Prepare the network to run a given epoch and mode.

This method is necessary since schedulers and op mode restrictions may result in different computation graphs every epoch. This also moves all of the necessary models from the CPU onto the GPU(s).

Parameters:

Name Type Description Default
mode str

The mode to prepare to execute. One of 'train', 'eval', 'test', or 'infer'.

required
epoch int

The epoch to prepare to execute.

required
ds_id str

The current dataset id.

required
output_keys Optional[Set[str]]

What keys must be moved from the GPU back to the CPU after executing a step.

None
warmup bool

Whether to prepare to execute it warmup mode or not (end users can likely ignore this argument).

False
eager bool

Whether to run the training in eager mode. This is only related to TensorFlow training because PyTorch by nature is always in eager mode.

False
Source code in fastestimator\fastestimator\network.py
def load_epoch(self,
               mode: str,
               epoch: int,
               ds_id: str,
               output_keys: Optional[Set[str]] = None,
               warmup: bool = False,
               eager: bool = False) -> None:
    """Prepare the network to run a given epoch and mode.

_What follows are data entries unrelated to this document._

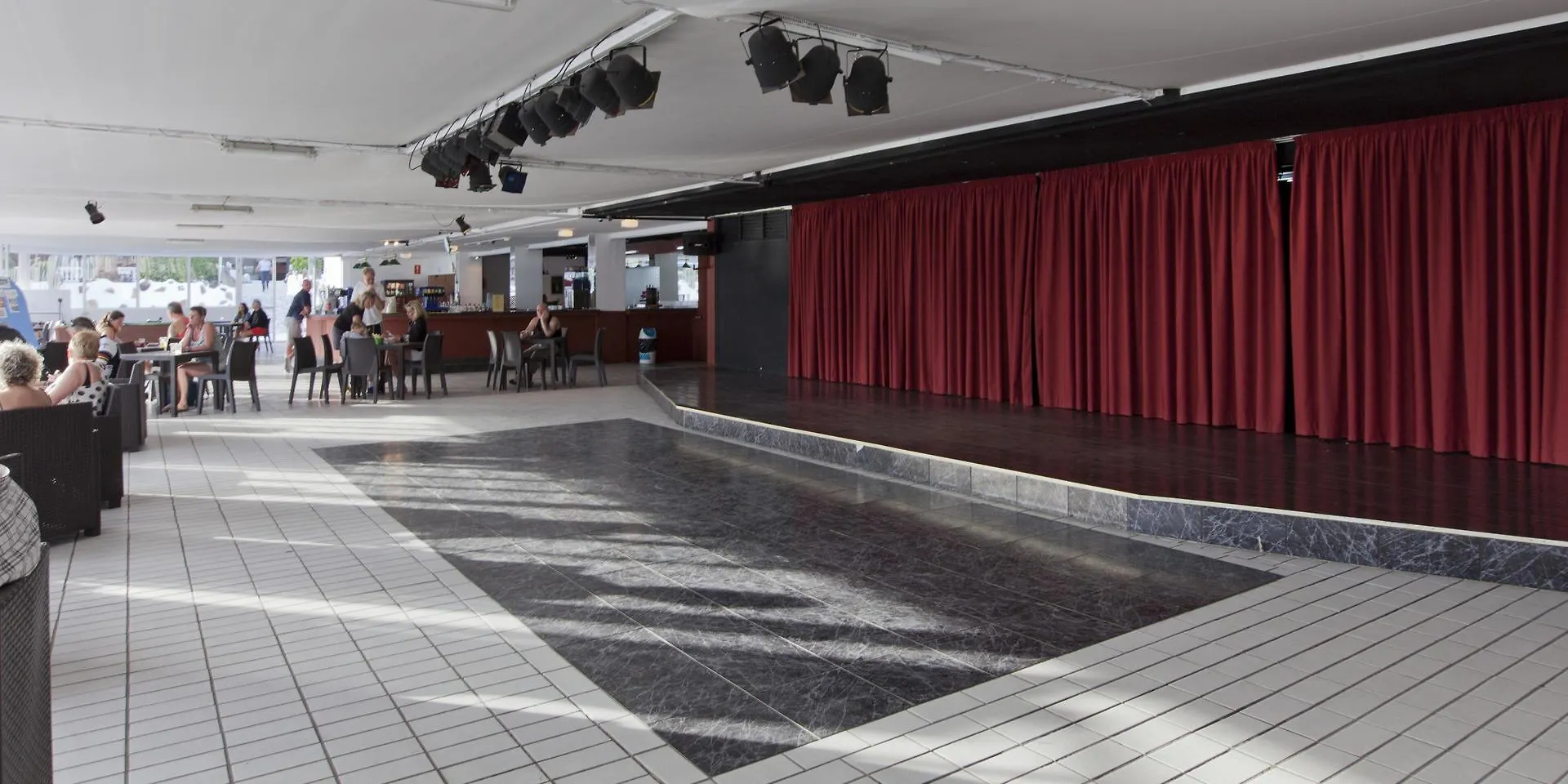 Ona Alborada Lejlighedshotel Costa del Silencio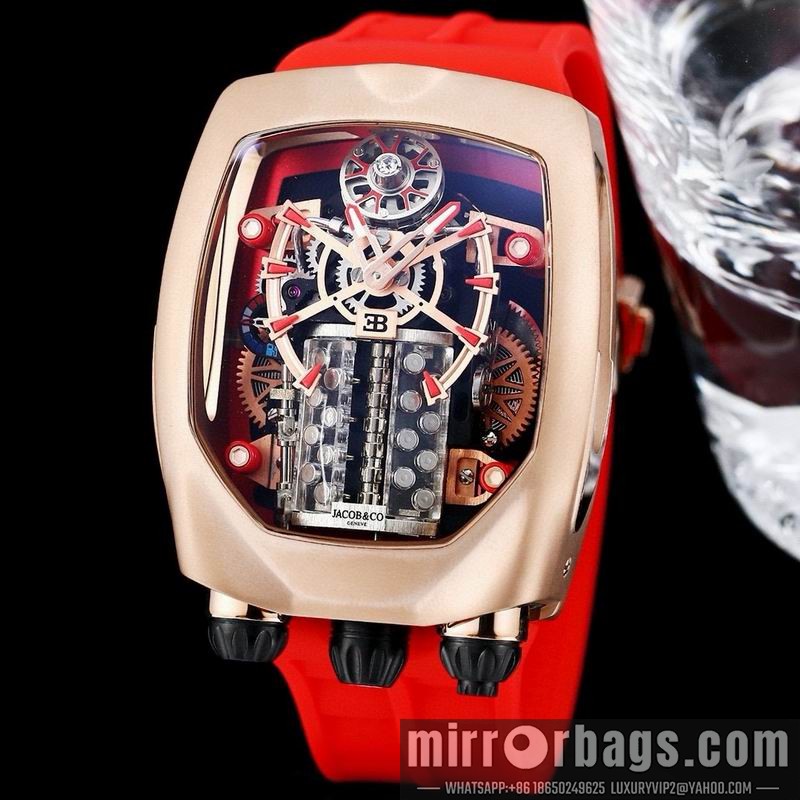 Jacob & Co 54X44X20mm 051001 Watch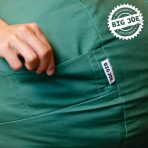 Fuf® 4Ft Foam Bean Bag - Image 38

    This method is necessary since schedulers and op mode restrictions may result in different computation graphs
    every epoch. This also moves all of the necessary models from the CPU onto the GPU(s).

    Args:
        mode: The mode to prepare to execute. One of 'train', 'eval', 'test', or 'infer'.
        epoch: The epoch to prepare to execute.
        ds_id: The current dataset id.
        output_keys: What keys must be moved from the GPU back to the CPU after executing a step.
        warmup: Whether to prepare to execute it warmup mode or not (end users can likely ignore this argument).
        eager: Whether to run the training in eager mode. This is only related to TensorFlow training because
            PyTorch by nature is always in eager mode.
    """
    super().load_epoch(mode=mode, epoch=epoch, ds_id=ds_id, output_keys=output_keys, warmup=warmup, eager=eager)
    if self.device.type == "cuda":
        for model in self.epoch_models:
            # move model variables to gpu
            model.to(self.device)
            if model.current_optimizer and mode == "train":
                # move optimizer variables to gpu
                self._move_optimizer_between_device(model.current_optimizer.state, self.device)
    # Set all of the contiguous final updates to defer their updates by default to enable things like CycleGan
    # This is not necessary for TF because overriding tf weights does not confuse the gradient tape computation
    for op in reversed(self.epoch_ops):
        if isinstance(op, UpdateOp):
            op._old_defer = op.defer
            op.defer = True
        else:
            break

unload_epoch

Clean up the network after running an epoch.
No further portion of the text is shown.